DHS has installed experimental face-recognition system in nine U.S. airports. If DHS’s current plans are executed, every traveler flying overseas, American and foreign national alike, will soon be subject to a face recognition scan as part of this “biometric exit” program. A new report notes that neither Congress nor DHS has ever justified the need for the program. Congress never provided a rationale for it. Congress never provided a rationale for it while DHS has repeatedly questioned “the additional value biometric air exit would provide.” The biometric exit program also stands on shaky legal ground, and to make matters worse, the face scanning technology used by DHS may make frequent mistakes. “The privacy concerns implicated by biometric exit are at least as troubling as the system’s legal and technical problems,” the report notes.

At Boston’s Logan International Airport, travelers at one international boarding gate will be surprised that they are being told to stop before what looks like a sophisticated camera. It is more than just a camera, though — the device compares each traveler’s face to a Department of Homeland Security (DHS) biometric database to verify her identity and flags as many as 1 in 25 travelers for further scrutiny.

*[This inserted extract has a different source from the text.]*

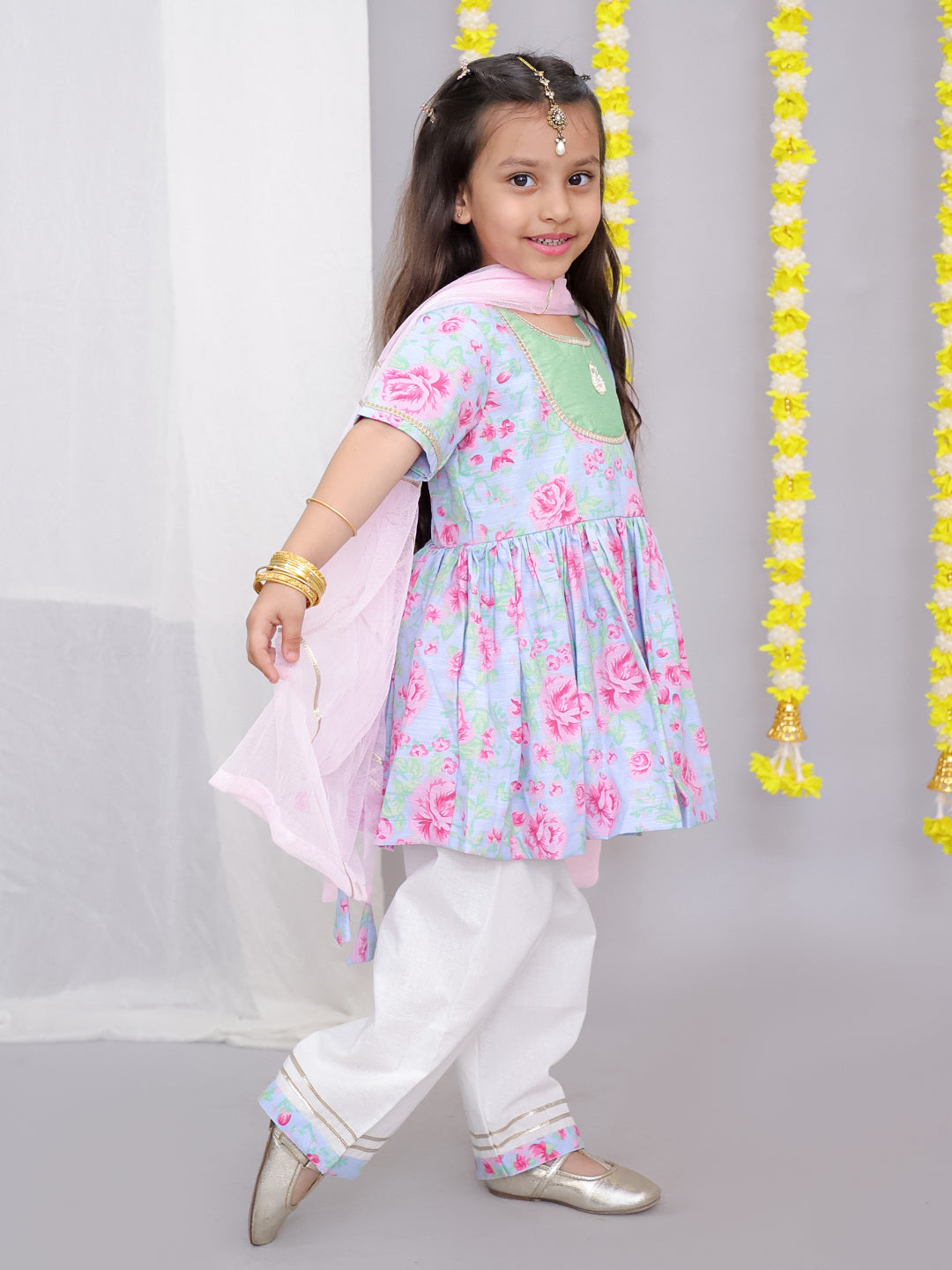 Pink rose print kurta set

These face scans have been deployed at eight other airports, too. In Atlanta, Chicago, Las Vegas, Miami, New York City, Houston, and Washington, D.C., travelers departing on certain international flights have their faces scanned by DHS. If DHS’s current plans are executed, every traveler flying overseas, American and foreign national alike, will soon be subject to a face recognition scan as part of this “biometric exit” program.

This sophisticated biometric screening system could cost up to $1 billion dollars. Congress has already created a “9-11 Response and Biometric Exit Account” to fund a biometric exit program in that amount. A new report from the Georgetown Law Center on Privacy & Technology says that, curiously, neither Congress nor DHS has ever justified the need for the program. Congress never provided a rationale for it. For its part, DHS says that airport face scans are designed to verify the identities of travelers as they leave the country and stop impostors traveling under someone else’s identity. But DHS itself has repeatedly questioned “the additional value biometric air exit would provide” compared with the status quo and the “overall value and cost of a biometric air exit capability,” even as it has worked to build it.

The report notes that the DHS’s biometric exit program also stands on shaky legal ground. Congress has repeatedly ordered the collection of biometrics from foreign nationals at the border, but has never clearly authorized the border collection of biometrics from American citizens using face recognition technology. “Without explicit authorization, DHS should not be scanning the faces of Americans as they depart on international flights—but DHS is doing it anyway,” the report says. “DHS also is failing to comply with a federal law requiring it to conduct a rulemaking process to implement the airport face scanning program—a process that DHS has not even started.”